What is being asked: As you print the data below, keep every line exactly as it is and leave the images behind.

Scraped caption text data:

===============

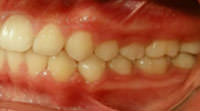 Figura 34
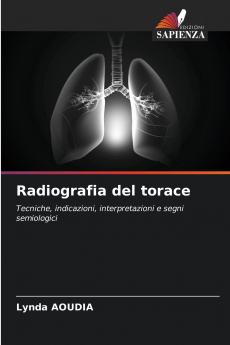 Radiografia del torace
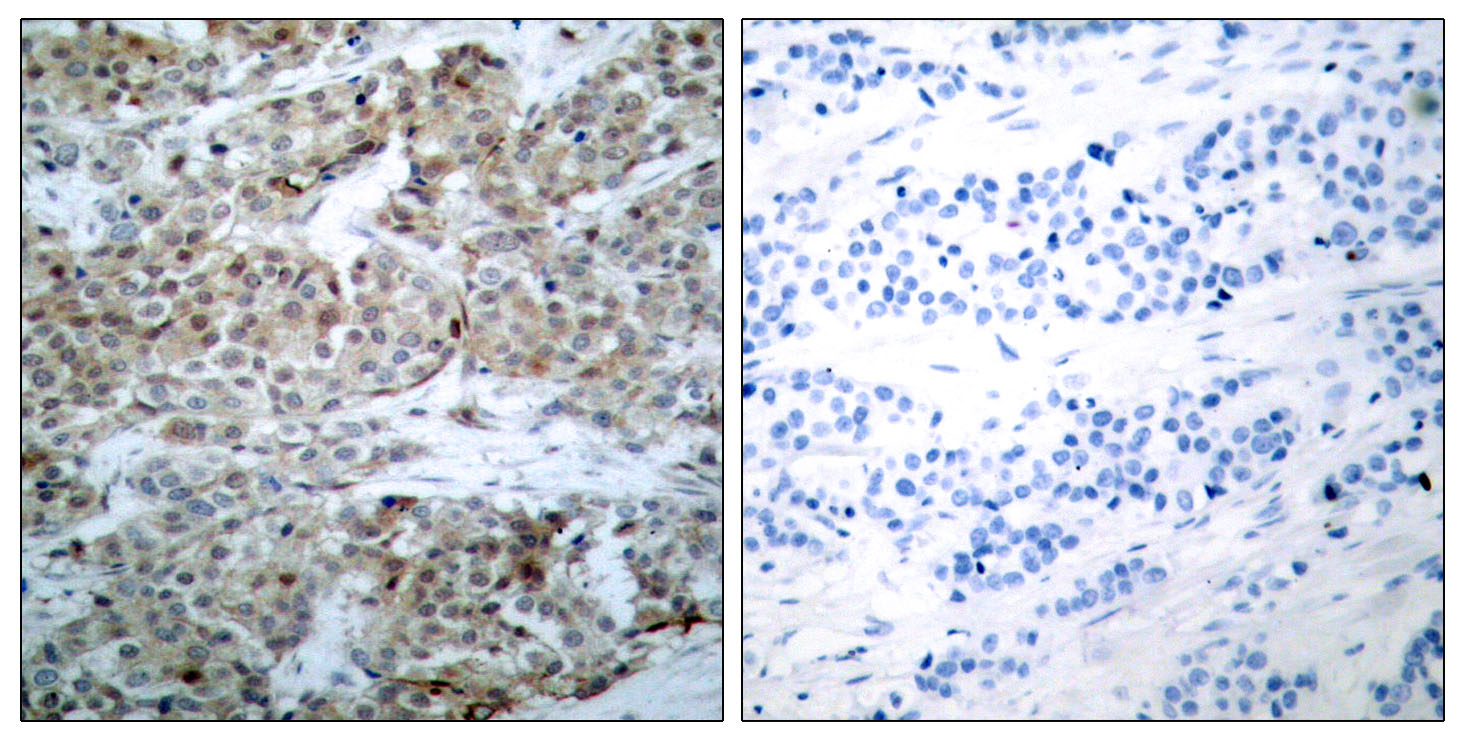 Rabbit Anti-Human BAD (Phospho-Ser112) polyclonal antibody (CABT-L3289)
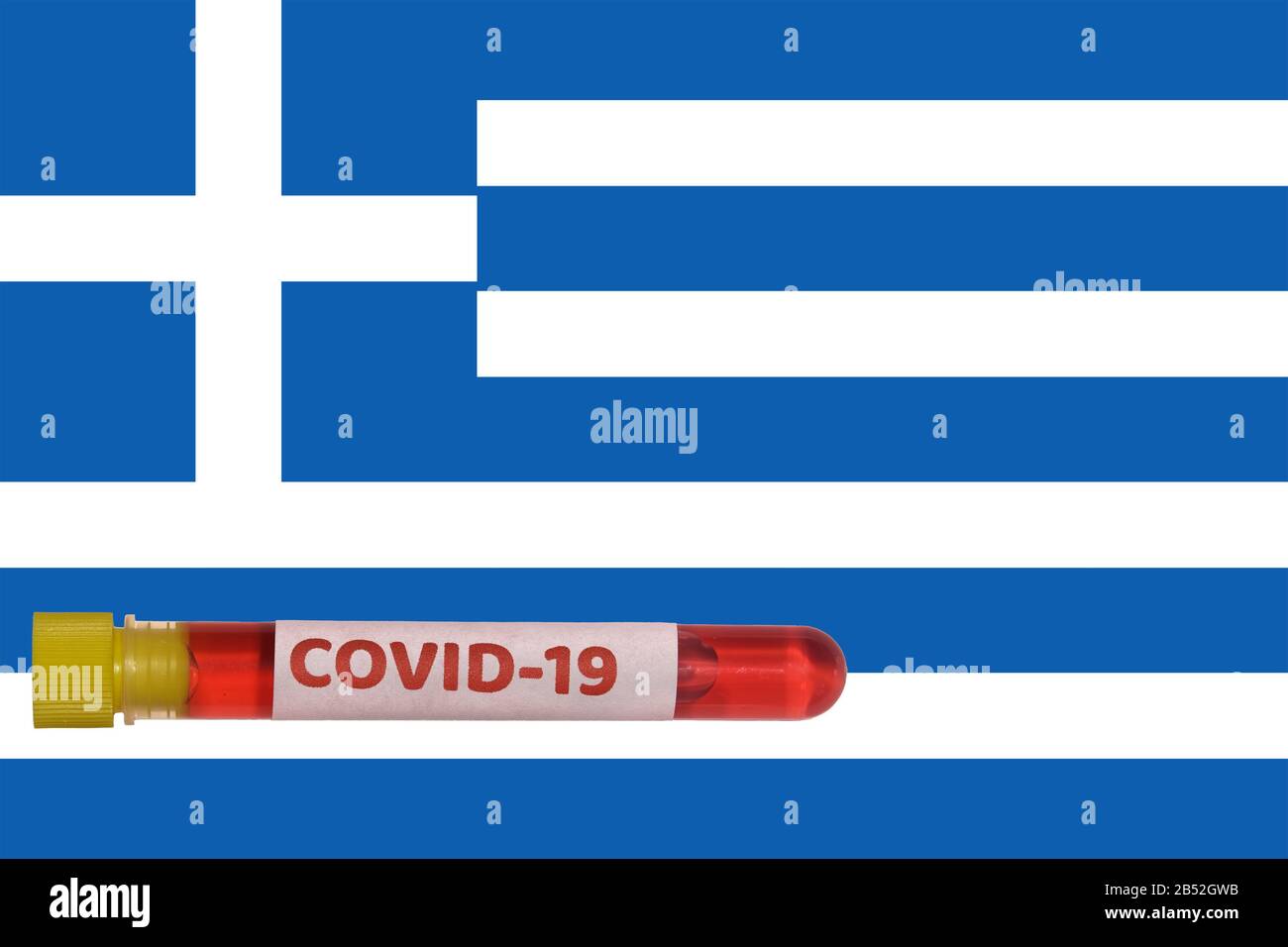 Grecia Coronavirus COVID-19 World Outbreak Concept. Provetta Vacutainer con campione positivo per il virus 2019-nCoV prima della bandiera greca. Foto Stock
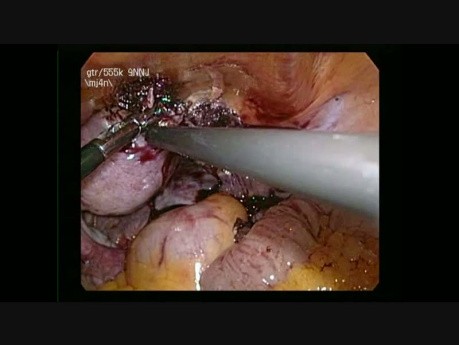 Chirurgie laparoscopique de la grossesse cornuale droite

===============

Solved problem:
 Figura 34
 Radiografia del torace
 Rabbit Anti-Human BAD (Phospho-Ser112) polyclonal antibody (CABT-L3289)
 Grecia Coronavirus COVID-19 World Outbreak Concept. Provetta Vacutainer con campione positivo per il virus 2019-nCoV prima della bandiera greca. Foto Stock
 Chirurgie laparoscopique de la grossesse cornuale droite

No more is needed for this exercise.